Detecting React2Shell: The maximum-severity RCE vulnerability affecting React Server Components and Next.js

A critical vulnerability known as "React2Shell" (CVE-2025-55182) has been discovered in React Server Components (RSCs), leading to potential unauthenticated remote code execution (RCE) with a maximum severity CVSS score of 10.0. This flaw, affecting versions 19.0.0 to 19.2.0 of react-server-dom packages, arises from unsafe deserialization in the RSC "Flight" protocol, enabling threat actors to execute arbitrary server-side code through a crafted HTTP request. Next.js and other frameworks like React Router, Waku Parcel RSC, and Vite RSC are impacted, with public proof-of-concept exploits demonstrating nearly 100% success rates against default configurations, making this vulnerability particularly susceptible to mass exploitation.
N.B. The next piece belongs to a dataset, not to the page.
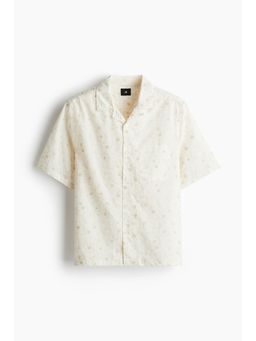 H&M - Men White Regular Fit Embroide Resort Shirt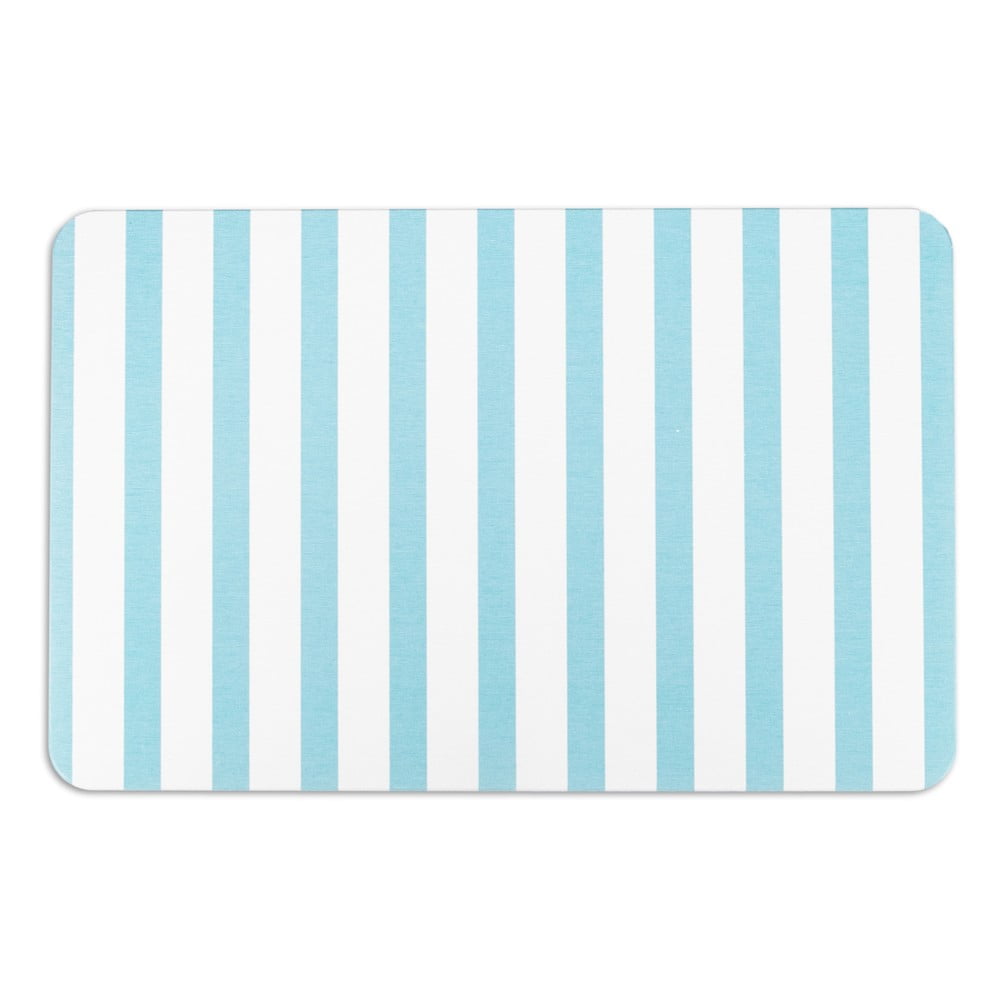 Covoraș de baie alb/albastru deschis din diatomit 39x60 cm Stripe – Artsy Doormats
The Sysdig Threat Research Team has developed a Falco detection rule to identify exploitation attempts, recommended immediate patching to fixed versions of React and Next.js, and advised deploying runtime threat detections and web application firewall (WAF) rules as temporary mitigations. While some public PoCs have inaccurately represented the exploitability, organizations are urged to update affected packages promptly to mitigate the significant security risk posed by React2Shell.